_WHAT YOU WILL DO_
Exact copy, no pictures: set down every entry below as written.

** GIVEN RECORDS follows **

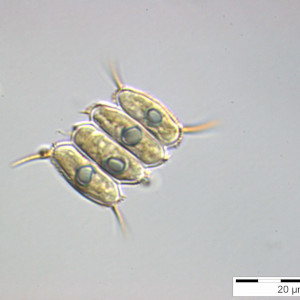 Scenedesmus_cf. armatus_1256297824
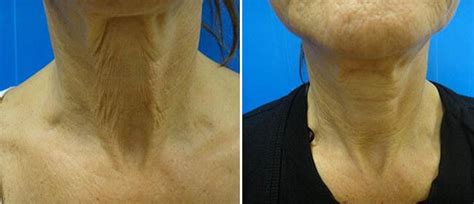 Patient 38566946 | Laser Skin Tightening Before & After Photos ...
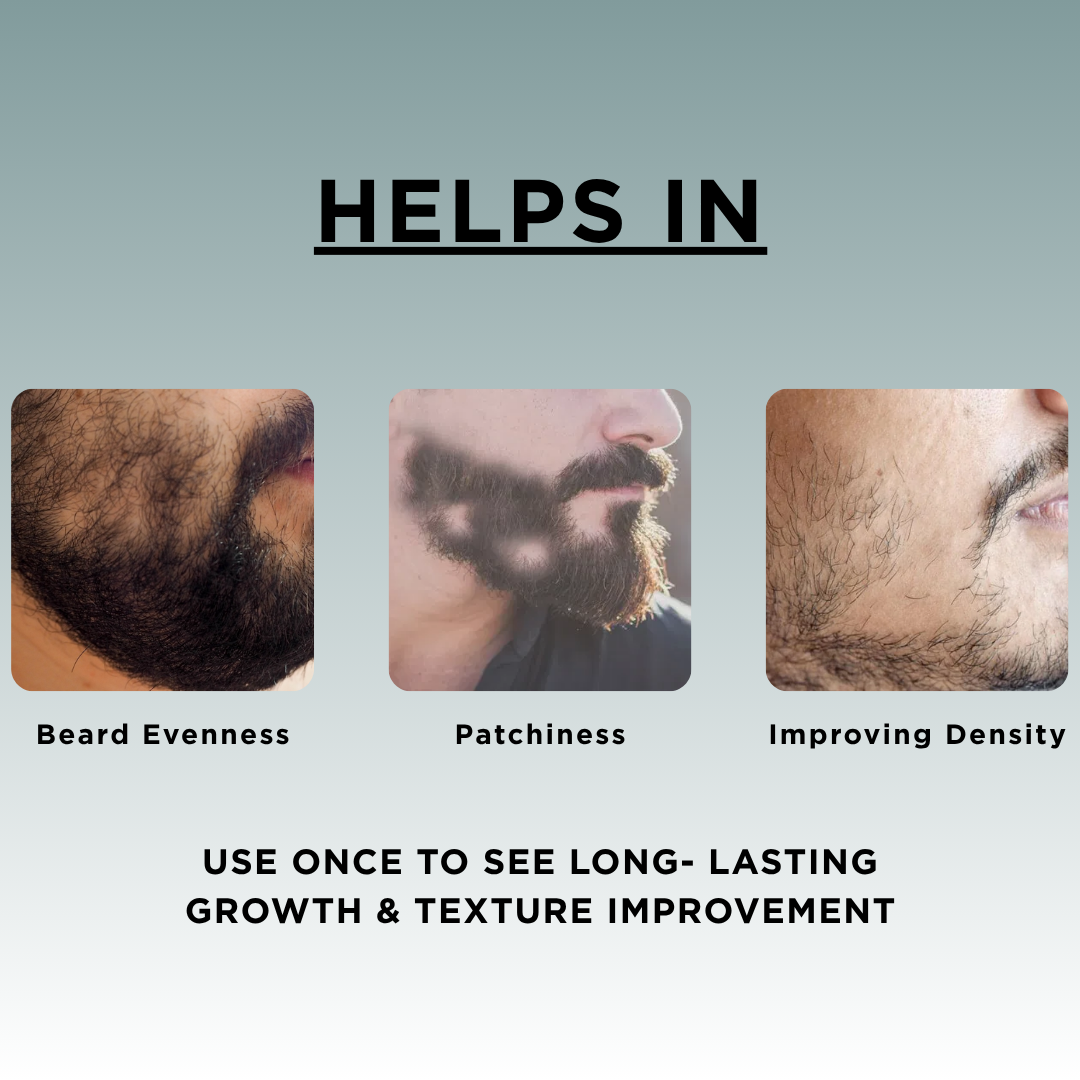 Fix Patchy Beard -Beard Fill and Grow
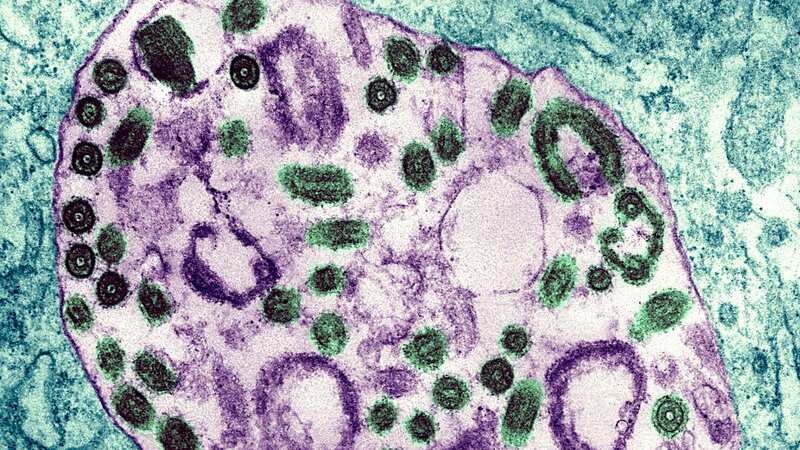 Nine deadly infections that could spark a pandemic - but one is missing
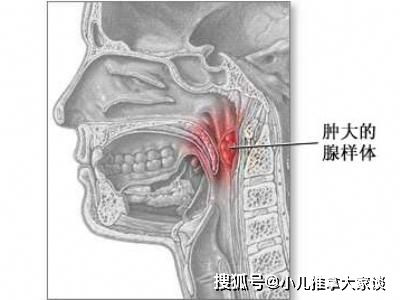 李波 孩子腺样体肥大需要做手术切除 可以试试小儿推拿的方法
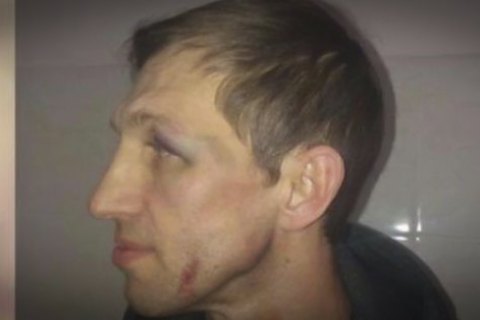 Учителя фізкультури, якого побив батько учня ліцею на Оболоні, виписали з лікарні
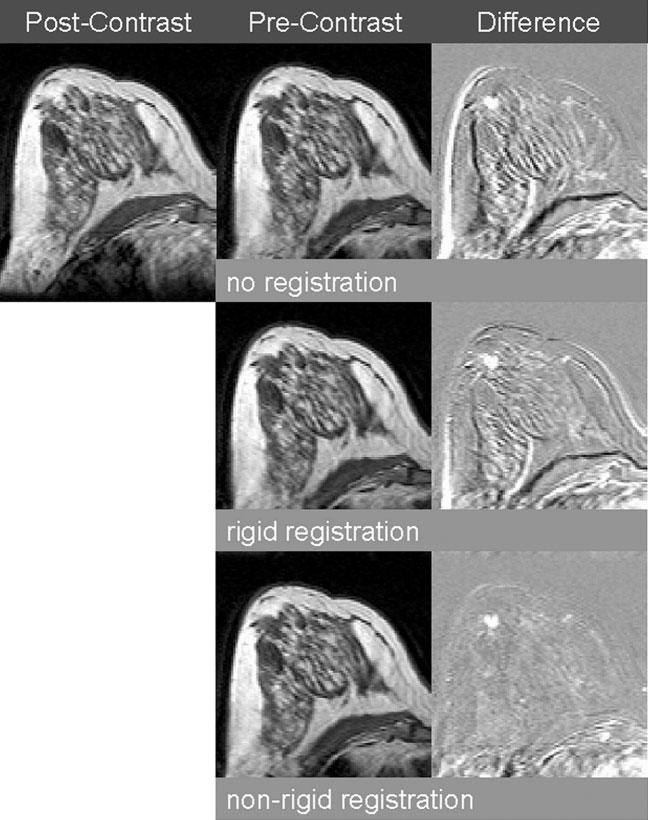 Non-rigid image registration correct for differences in positioning and scanning protocol between pre-operative 1.5 T MR images and 0.5 T MR images acquired during brachytherapy sessions [93].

** End of GIVEN RECORDS **

_ANSWER SECTION_
 Scenedesmus_cf. armatus_1256297824
 Patient 38566946 | Laser Skin Tightening Before & After Photos ...
 Fix Patchy Beard -Beard Fill and Grow
 Nine deadly infections that could spark a pandemic - but one is missing
 李波 孩子腺样体肥大需要做手术切除 可以试试小儿推拿的方法
 Учителя фізкультури, якого побив батько учня ліцею на Оболоні, виписали з лікарні
 Non-rigid image registration correct for differences in positioning and scanning protocol between pre-operative 1.5 T MR images and 0.5 T MR images acquired during brachytherapy sessions [93].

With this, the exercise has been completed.